[TASK BRIEF]
Restate, word for word, each entry that follows, but skip its pictures.

Captioned web images

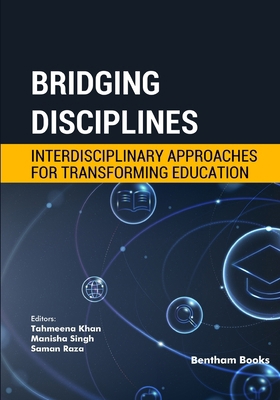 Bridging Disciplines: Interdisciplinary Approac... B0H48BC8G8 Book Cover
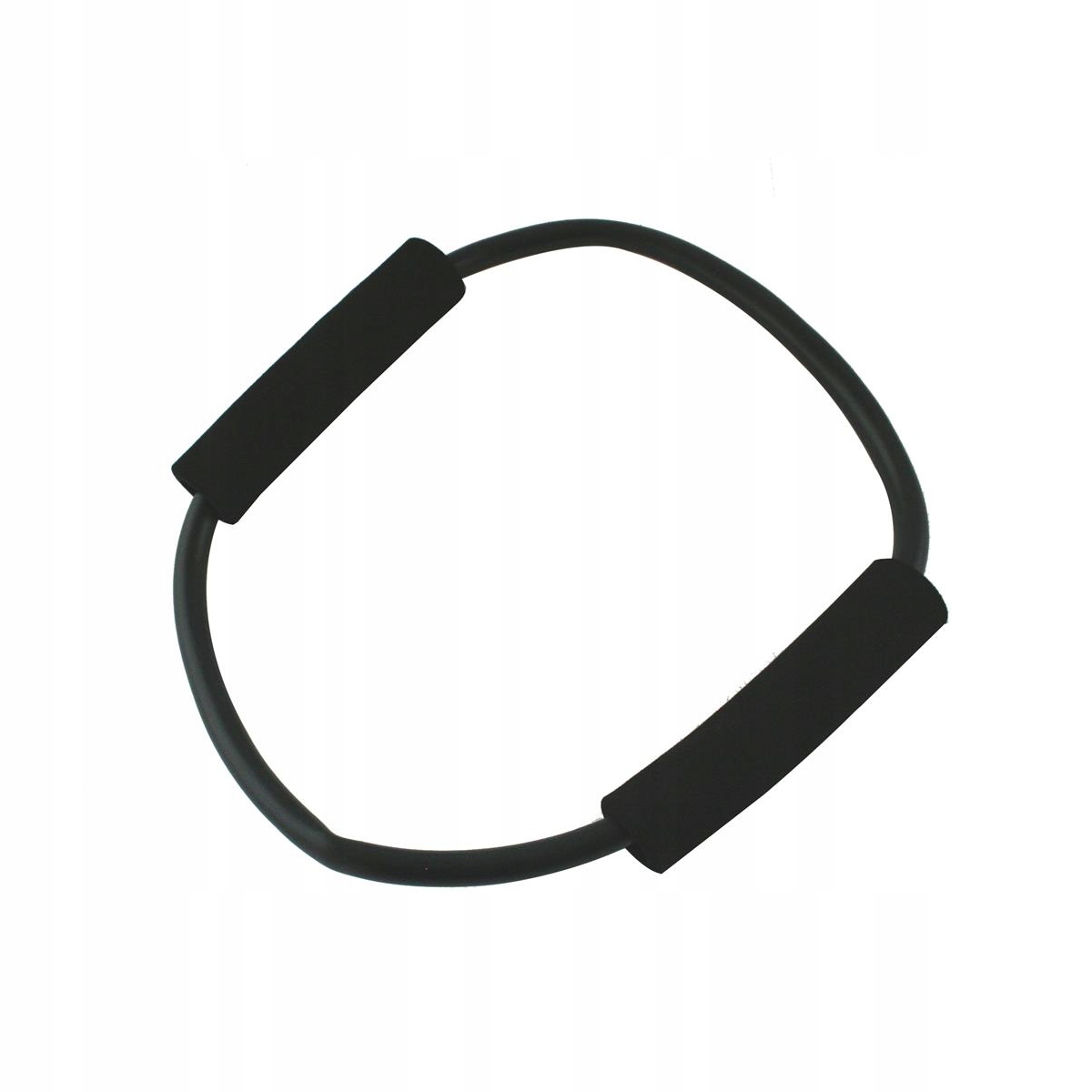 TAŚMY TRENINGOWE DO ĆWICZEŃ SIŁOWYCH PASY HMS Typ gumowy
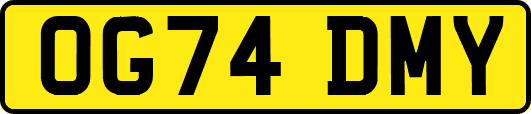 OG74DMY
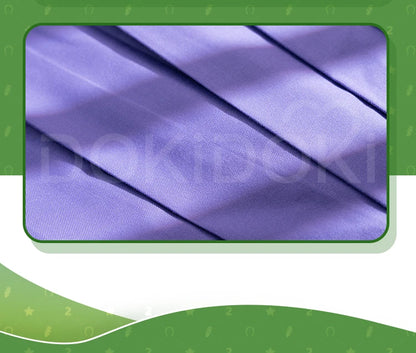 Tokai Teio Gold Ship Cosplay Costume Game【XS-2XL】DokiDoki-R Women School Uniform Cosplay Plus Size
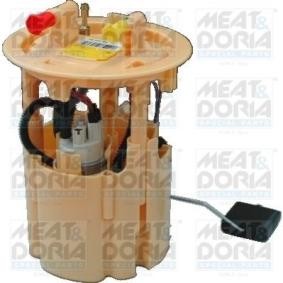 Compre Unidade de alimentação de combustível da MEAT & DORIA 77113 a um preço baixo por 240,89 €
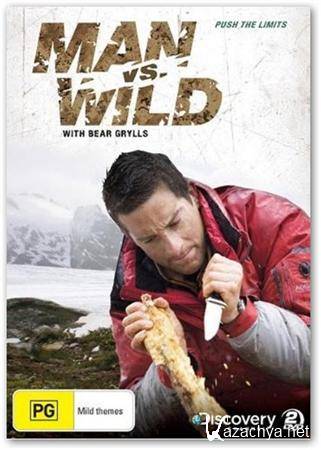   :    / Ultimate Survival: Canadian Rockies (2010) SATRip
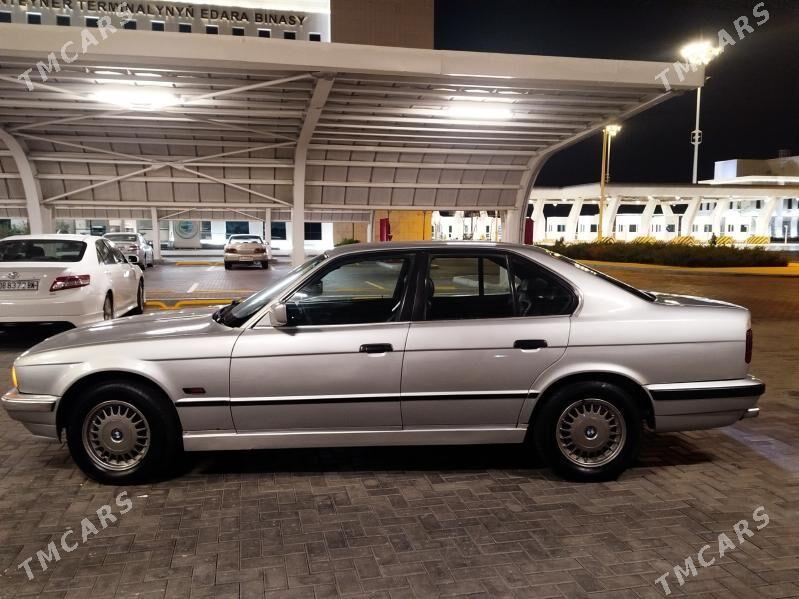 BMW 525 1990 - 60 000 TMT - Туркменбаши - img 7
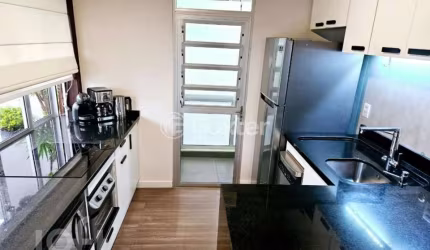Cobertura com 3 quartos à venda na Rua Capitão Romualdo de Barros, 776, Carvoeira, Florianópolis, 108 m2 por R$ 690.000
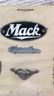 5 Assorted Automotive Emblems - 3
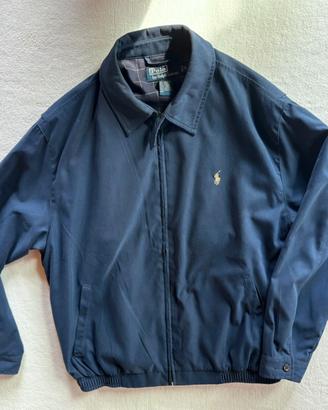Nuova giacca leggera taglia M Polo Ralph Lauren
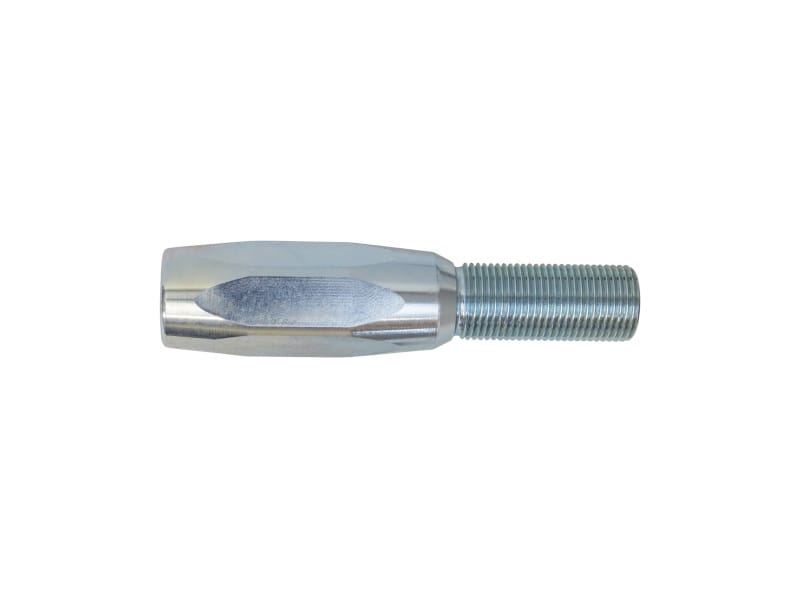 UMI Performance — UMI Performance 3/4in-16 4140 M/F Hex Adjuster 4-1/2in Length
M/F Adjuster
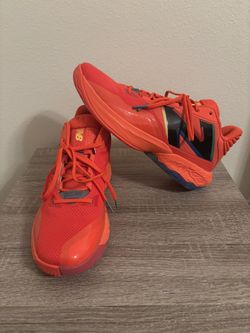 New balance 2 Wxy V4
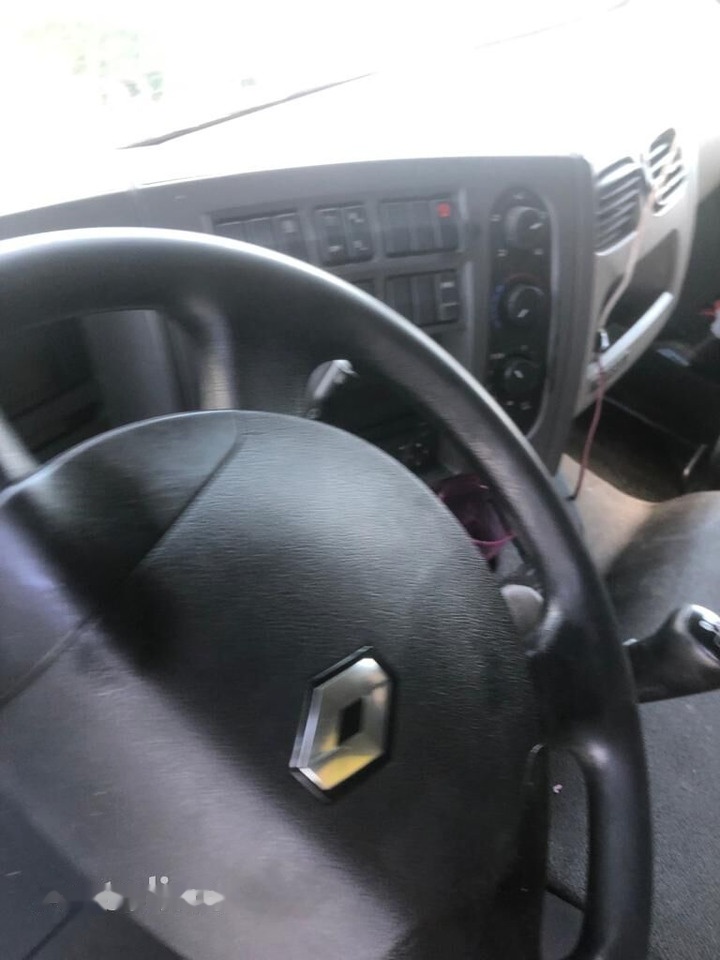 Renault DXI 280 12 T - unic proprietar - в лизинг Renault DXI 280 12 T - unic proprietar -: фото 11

[ANSWER BELOW]
 Bridging Disciplines: Interdisciplinary Approac... B0H48BC8G8 Book Cover
 TAŚMY TRENINGOWE DO ĆWICZEŃ SIŁOWYCH PASY HMS Typ gumowy
 OG74DMY
 Tokai Teio Gold Ship Cosplay Costume Game【XS-2XL】DokiDoki-R Women School Uniform Cosplay Plus Size
 Compre Unidade de alimentação de combustível da MEAT & DORIA 77113 a um preço baixo por 240,89 €
   :    / Ultimate Survival: Canadian Rockies (2010) SATRip
 BMW 525 1990 - 60 000 TMT - Туркменбаши - img 7
Cobertura com 3 quartos à venda na Rua Capitão Romualdo de Barros, 776, Carvoeira, Florianópolis, 108 m2 por R$ 690.000
 5 Assorted Automotive Emblems - 3
Nuova giacca leggera taglia M Polo Ralph Lauren
 UMI Performance — UMI Performance 3/4in-16 4140 M/F Hex Adjuster 4-1/2in Length
M/F Adjuster
 New balance 2 Wxy V4
 Renault DXI 280 12 T - unic proprietar - в лизинг Renault DXI 280 12 T - unic proprietar -: фото 11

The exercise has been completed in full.